Dave: Anyone that can grab their crotch from behind is okay with me. [laughs]

Jimmy: He's like the dad in the "Rugrats". [more laughs]

Robert: But without him, we wouldn't have made a great record. And I wouldn't have felt insecure for as long as I did. [yet more yucks]

Jimmy: The rest of the band sounds great.

Robert: I bought the Big Black album when it came out. The green fluorescent one with the two people making out.

Dave: Songs About Fucking?

Robert: Yeah, it was around the time of [HOsker Du's] Candy Apple Grey, I think. So I became an Albini fan. So it was a great moment to meet him, because we were rehearsing and he came in and I went, "Jimmy Olsen!" [laughs] Sorry Steve, because I do really love you.

Dave: Now I don't know much about the blues. When I was young -

Jimmy: I think it'd gone by the time you were young.

Dave: - I was into punk rock. I started getting into local Washington DC hardcore bands and a little bit of punk rock from overseas, But, for me, punk rock was an escape, and it was rebellion and it was this fantasy land that you could visit every Friday evening at eight o'clock and beat each other to bits in front of the stage and then go home. So what baffles me is the whole thing with the blues. I know it's such a heavy influence on you guys. Did you see it as a sort of rebellion? Or was it kind of an escape to you? What attracted you to the blues?

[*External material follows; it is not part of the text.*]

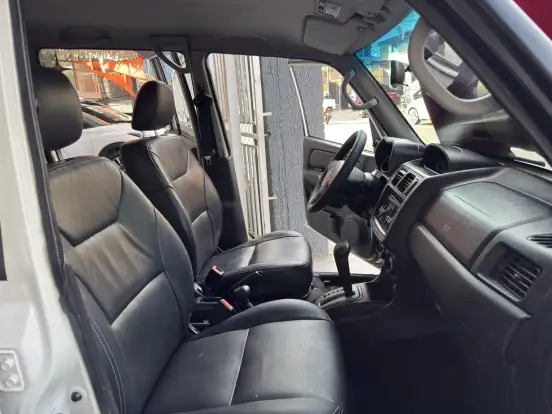 MITSUBISHI-PAJERO TR4-2.0 4X4 16V 140CV FLEX 4P AUTOMÁTICO MITSUBISHI-PAJERO TR4-2011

Robert: It wasn't a social statement. I think what you were dealing with in your youth was a social statement. A rejection of music that had become so huge that you couldn't relate to it, Or the people were too rich. But when we started getting into music, those criteria weren't quite there. There was nobody to dislike, There was only Elvis, really.

Dave: Right.

Robert: But coming from England, where our social conditions are a lot different. I thinklhe blues was just a call. I didn't understand the "blue note". That melancholic thing, But you've seen so much shit on the TV that you take for granted about blacks and white and so on. We never really had any exposure to anything like that. apart from the occasional newsreel. So we didn't already have a pre-ordained thought process about our brothers living on the same island.

Dave: Right.

Robert: I just heard that blue note, and I heard this kind of swagger. Ultimately, as the blues faded as a conscious reflection of black society here, the Arab thing came through for me and replaced those sounds.

Dave: Right.

Robert: It sounds cheesy, but it's true.

Dave: No, it makes perfect sense.

Robert: They didn't have any of the grooming or any of the backing or any of the sort of infrastructure that we all exist in now, as musicians. They were like troubadours who had a fantastic life, relatively. It's certainly better than picking cotton. I was very sensitive to it,I got even more sensitive when my parents cut the electrical plug off my record player. [laughs] They said, "We don't ever want to hear that in our house. What does it mean?" I said, "I don't know."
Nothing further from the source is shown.